Factoring of the Hyperfine Shifts in the Cyanide Adduct of Lignin Peroxidase from P. chrysosporium

Lucia Banci, Ivano Bertini, Roberta Pierattelli, Ming Tien, Alejandro J. Vila

Research output: Contribution to journalArticlepeer-review

39 Scopus citations

Abstract

We have used NMR spectroscopy to study the cyanide derivative of lignin peroxidase with the goal of characterizing the electronic structure of this derivative of peroxidases. By using various homonuclear and heteronuclear 2D NMR techniques and by making use of the available X-ray structure of the cyanide-free protein, it has been possible to extend the assignment of the heme substituents and of the protons of some active-site residues. An estimate of the anisotropy and direction of the magnetic susceptibility anisotropy tensor has been obtained from the pseudocontact shifts of protons of residues not directly bound to the heme iron ion.

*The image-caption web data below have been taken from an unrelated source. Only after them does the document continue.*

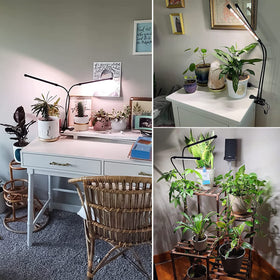 wolezek Grow Lights dimmable brightness lets you tailor intensity.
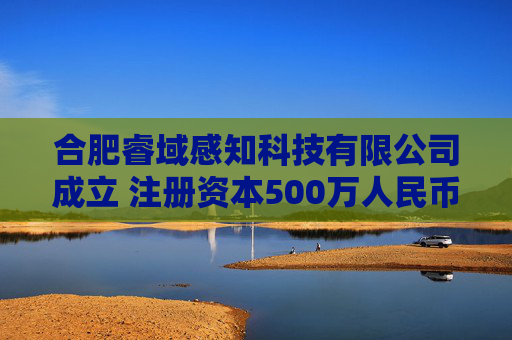 合肥睿域感知科技有限公司成立 注册资本500万人民币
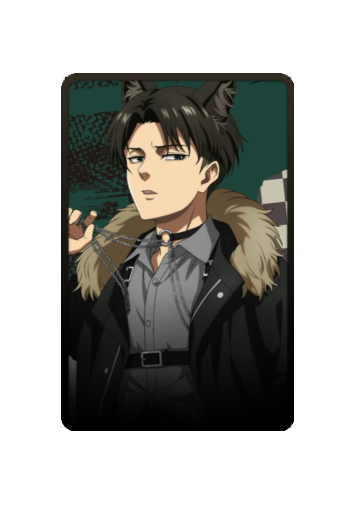 Levi Ackerman skin #4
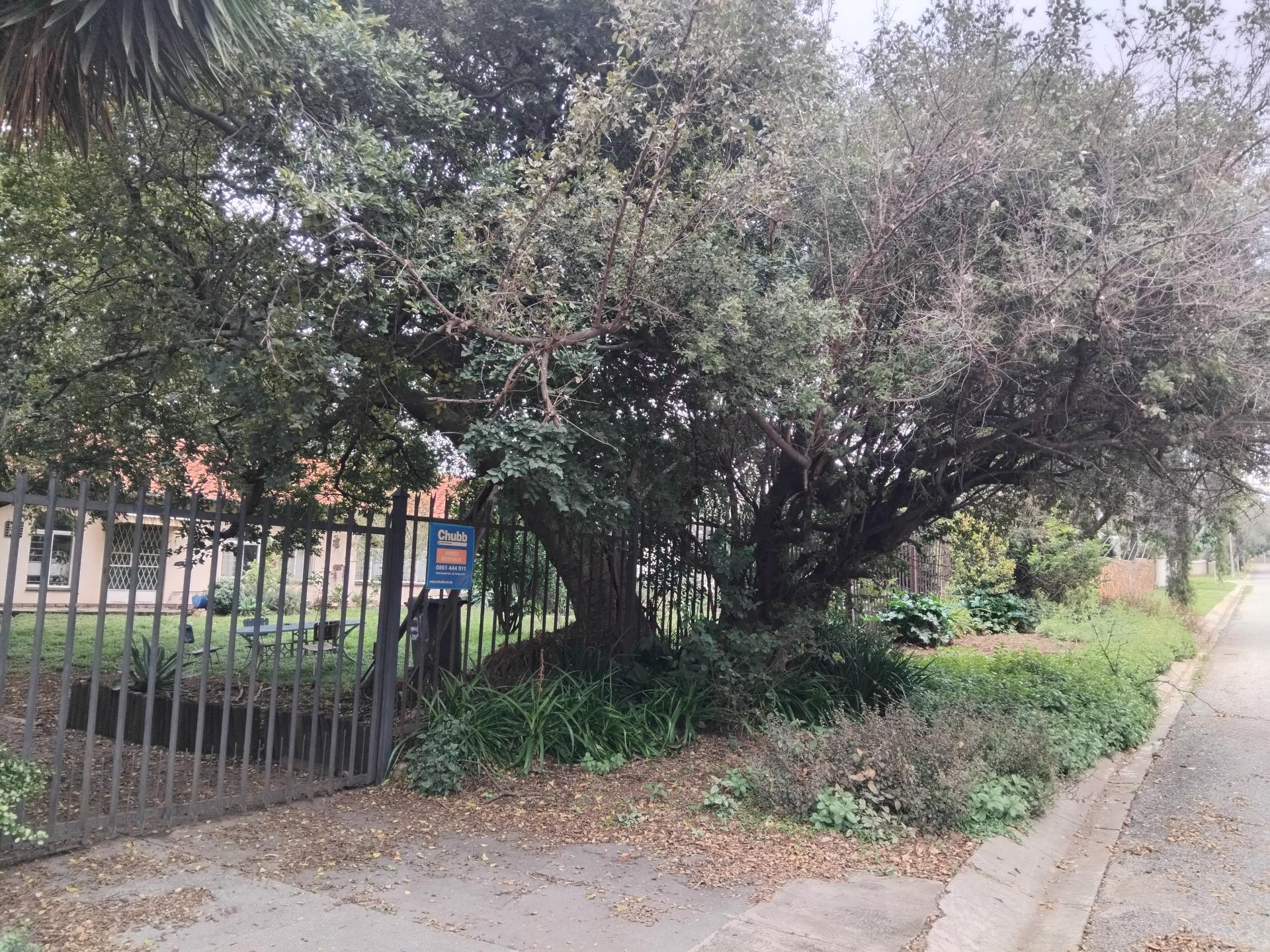 Front View of property in Weltevreden Park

Finally, a factoring of the hyperfine shifts of the heme and proximal histidine protons, as well as of the 13C heme methyls and 15N of the cyanide moiety, is obtained. The contact shift pattern of the heme protons is related to the orientation of the histidine plane. Very large upfield contact shifts are experienced by the aromatic protons of the proximal histidine. The axial magnetic anisotropy is smaller than in metmyoglobin–CN and slightly larger than in horseradish peroxidase–CN. This may reflect the order of the donor strength of the proximal histidine. The z axis of the magnetic susceptibility tensor is found essentially perpendicular to the heme plane.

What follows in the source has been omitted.